Comme nous l’avons indiqué au chapitre 2, l’analyste doit identifier tous les impacts d’un projet. Ensuite, il doit les répartir selon les catégories suivantes :

  1. Les impacts qui doivent être intégrés dans l’ACA ;
  2. Ceux qui devraient être pris en compte dans l’ACA, mais qui ne le sont pas en raison de leur caractère considéré comme mineur, diffus ou à cause de leur complexité à valoriser ;
  3. Les impacts qui ne doivent pas figurer dans l’ACA parce qu’ils sont déjà pris en considération ou parce qu’ils ne sont pas additionnels.
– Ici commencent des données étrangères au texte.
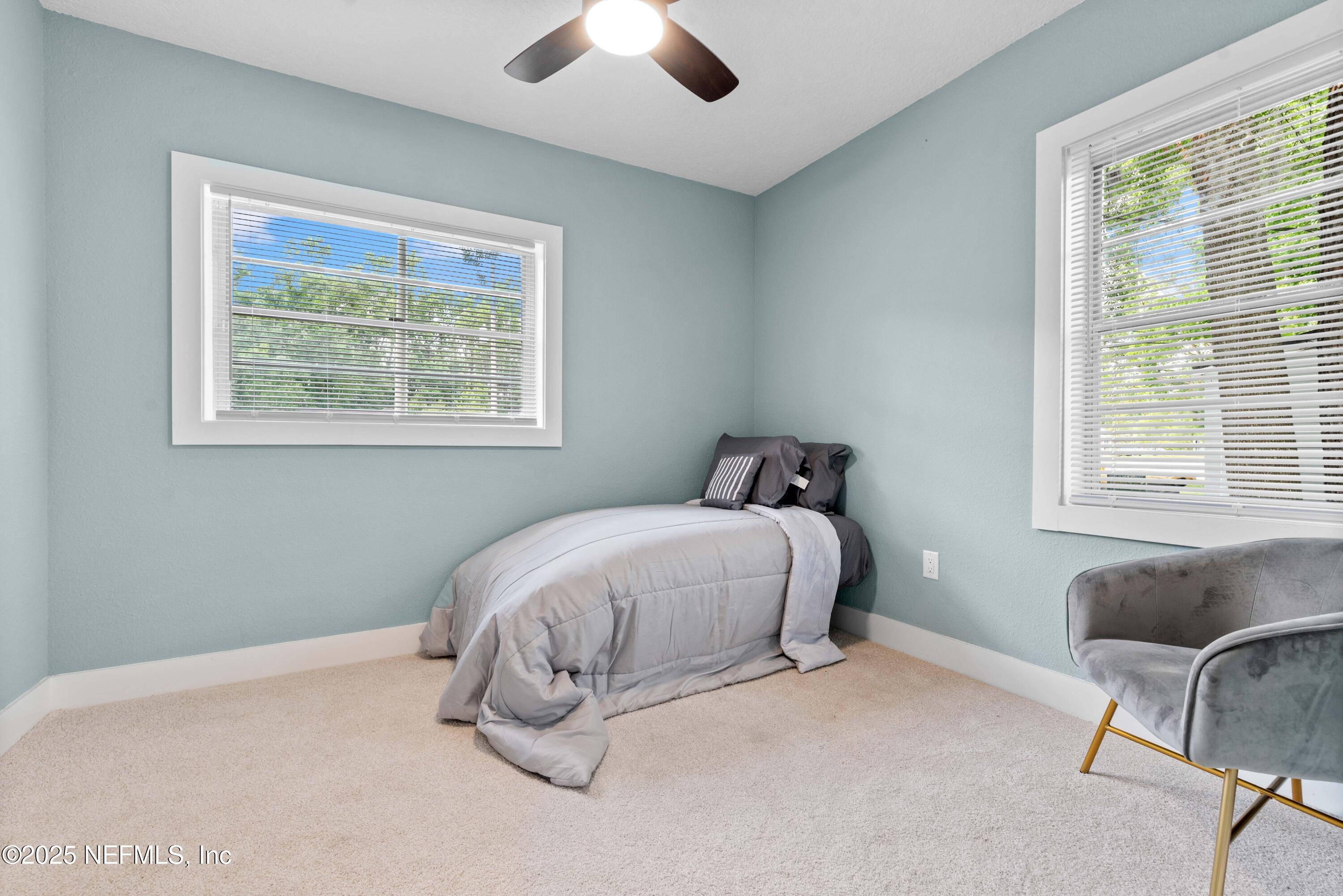 4647 Timuquana Road Jacksonville, FL 32210 - Photo 18 of 27 a bedroom with bed and a window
Dans ce chapitre, nous établissons certaines règles de pratique concernant la prise en compte ou non dans une ACA des effets secondaires et des effets induits. Il s’agit d’un enjeu complexe, mais qu’il est important de maîtriser, afin d’éviter des erreurs majeures.

À la fin de ce chapitre, vous serez en mesure :

  • D’identifier les différents types d’effets secondaires ;
  • De déterminer les conditions auxquelles la prise en compte des effets secondaires dans une ACA est nécessaire ;
  • Comprendre les conditions justifiant la prise en compte d’effets induits et appréhender les limites de leurs mesures.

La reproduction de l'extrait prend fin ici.